Hibernia College
- Type: Private
- Established: 2000
- Affiliations: QQI; Teaching Council; NMBI
- Location: Block B, Merrion Centre, Merrion Road, Dublin 4, Dublin, Ireland 53°19′09″N 6°12′50″W﻿ / ﻿53.31917°N 6.21383°W
- Campus: Online;
- Language: English, Irish
- Website: http://www.hiberniacollege.com/
- Location within Dublin

= Hibernia College =

Teacher training college in Ireland

Hibernia College is a private third-level college in Ireland, founded in 2000 by Dr Seán Rowland and owned since 2021 by the Folens Group. It provides professional qualifications in education and healthcare through blended learning at undergraduate and postgraduate levels.

==Education==
The Professional Master of Education programme is offered for trainee teachers at primary and post-primary level. The degree is a 120-credit award at NFQ level 9, taken over a 24-month period. Students can commence their studies in spring or autumn.

==Research==
The School of Education pursues research as a core strategy to improve evidence-based practice in education and training.
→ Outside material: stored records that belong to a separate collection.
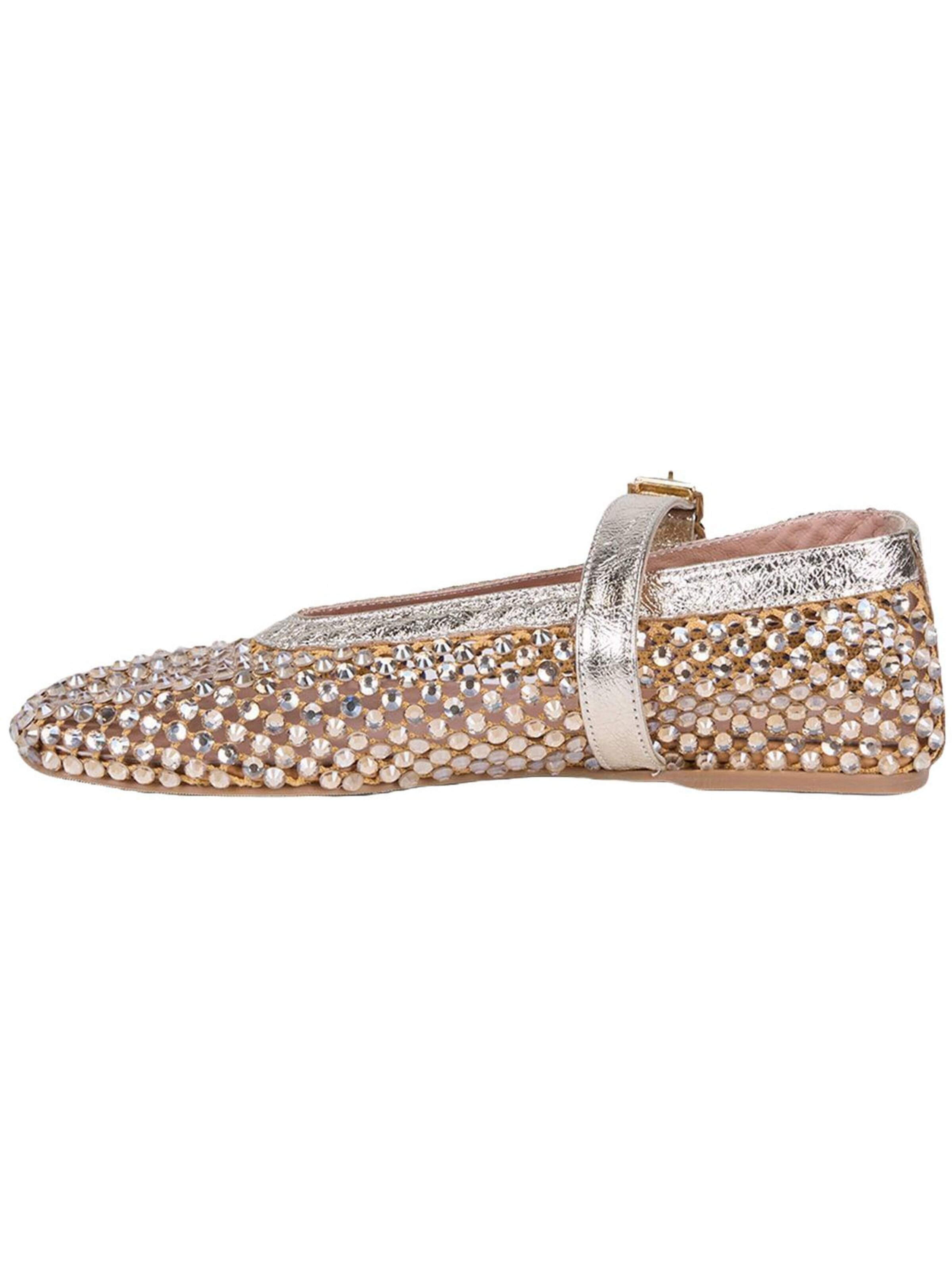 Ballerines à lanières 'Mary Jane Flats' Desa en or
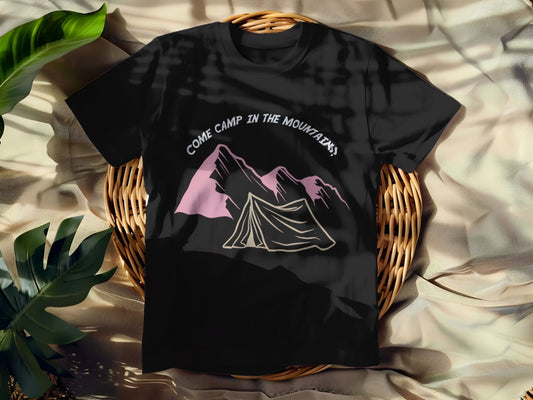 Come Camp in the Mountains T-shirt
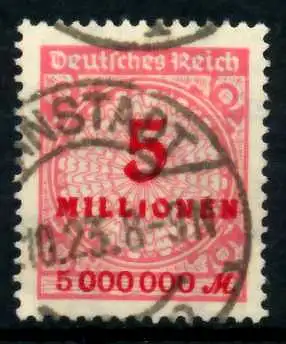 D-REICH INFLA Nr 317A zentrisch gestempelt 6B690A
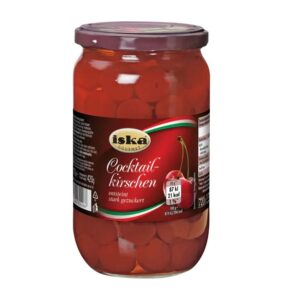 Cocktailkirschen 770g / 420g ATG Iska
The college has partnered with other entities including Harvard University, Economic and Social Research Institute, Law Society of Ireland, National Forum for the Advancement of Teaching and Learning in Higher Education, Standing Conference on Teacher Education North and South, University College Dublin, Marino Institute of Education, Stranmillis University and Trinity College Dublin.